## [AIM OF THE EXERCISE]
In the entries below, repeat only the lines between those holding "Single-story residence featuring" and "Green skirt with tassels", inclusive. Leave pictures out.

** SUPPLIED ENTRIES follows **

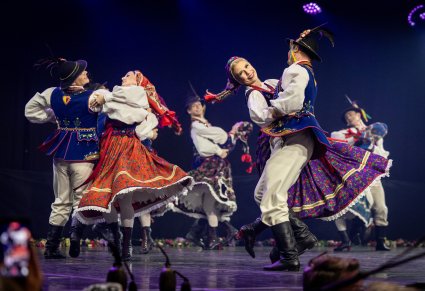 Zbliżenie na pary Artystów w kostiumach limanowskich w trakcie wykonywania choreografii tanecznej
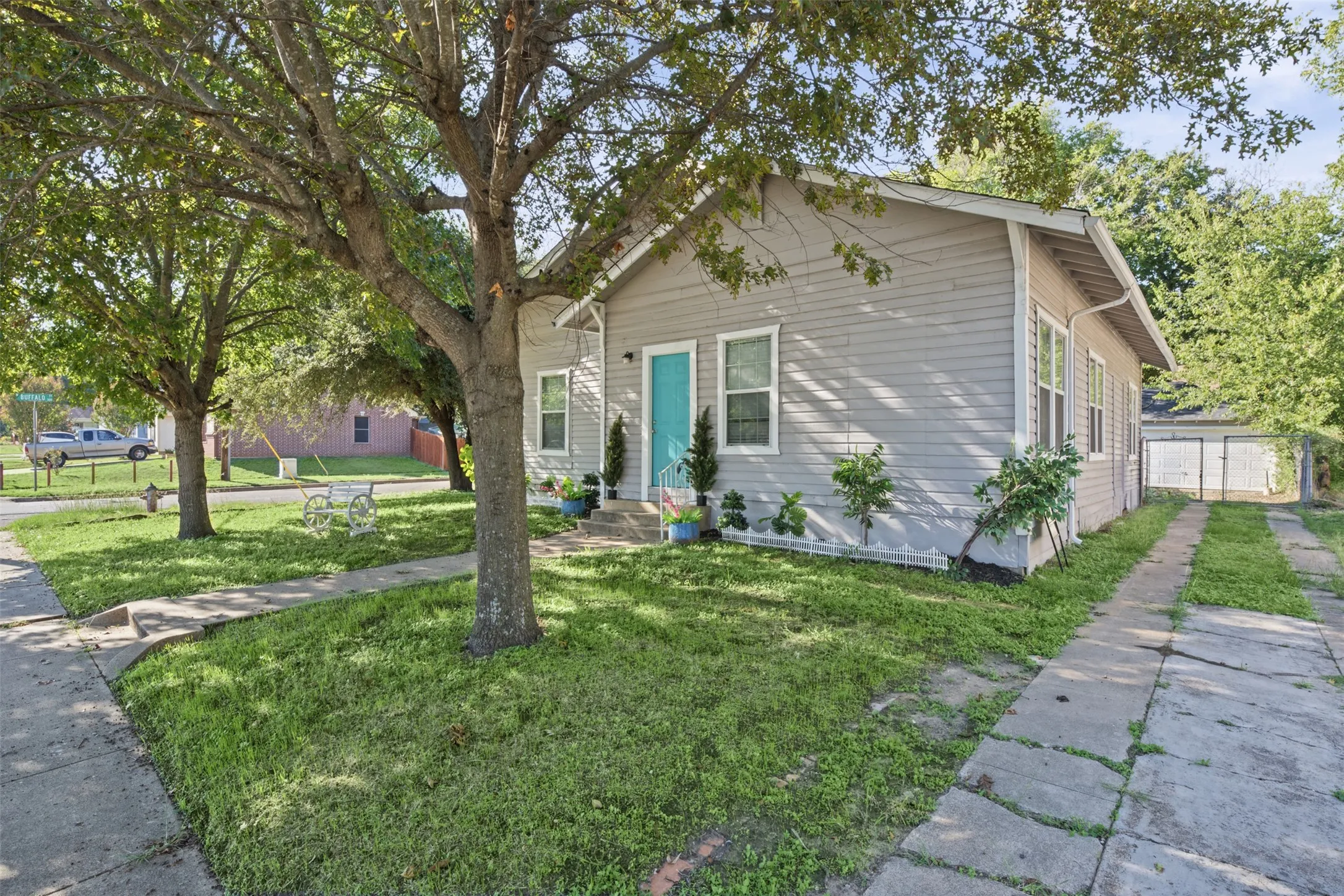 Single-story residence featuring light-toned horizontal siding, a central entry door with a vibrant finish, white-framed windows, and an expansive front lawn with mature shade trees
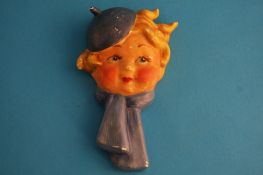 A Goebel Hummel wall mask of a young girl wearing a hat and scarf. 15 cm long
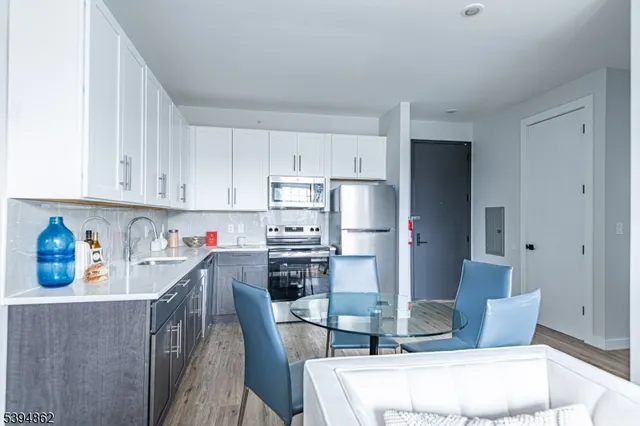 a kitchen with stainless steel appliances a refrigerator and cabinets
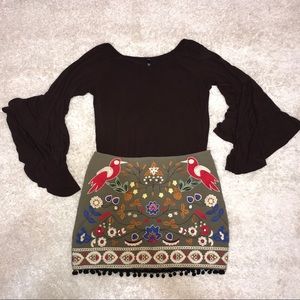 Green skirt with tassels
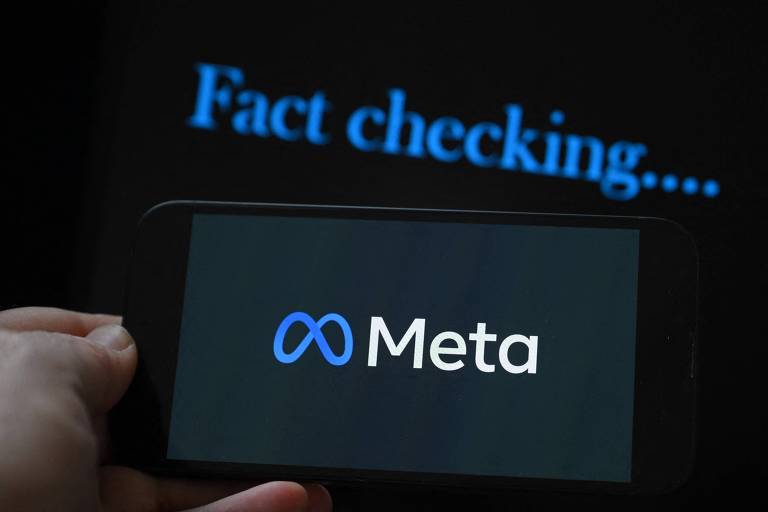 A imagem mostra um smartphone segurado por uma mão， exibindo o logotipo da Meta em um fundo escuro. Acima do smartphone， há um texto em azul que diz 039;Fact checking....039;.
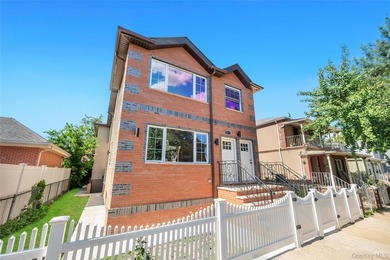 Introducing a stunning 2026-built legal Two-family home located - photo 3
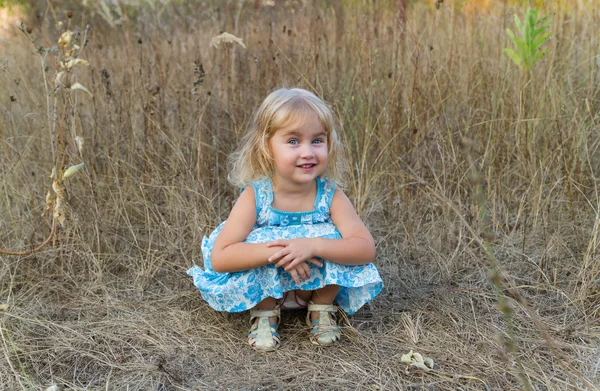 Petite fille assise dans l'herbe — Photo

** End of SUPPLIED ENTRIES **

## [REPLY]
 Single-story residence featuring light-toned horizontal siding, a central entry door with a vibrant finish, white-framed windows, and an expansive front lawn with mature shade trees
 A Goebel Hummel wall mask of a young girl wearing a hat and scarf. 15 cm long
 a kitchen with stainless steel appliances a refrigerator and cabinets
 Green skirt with tassels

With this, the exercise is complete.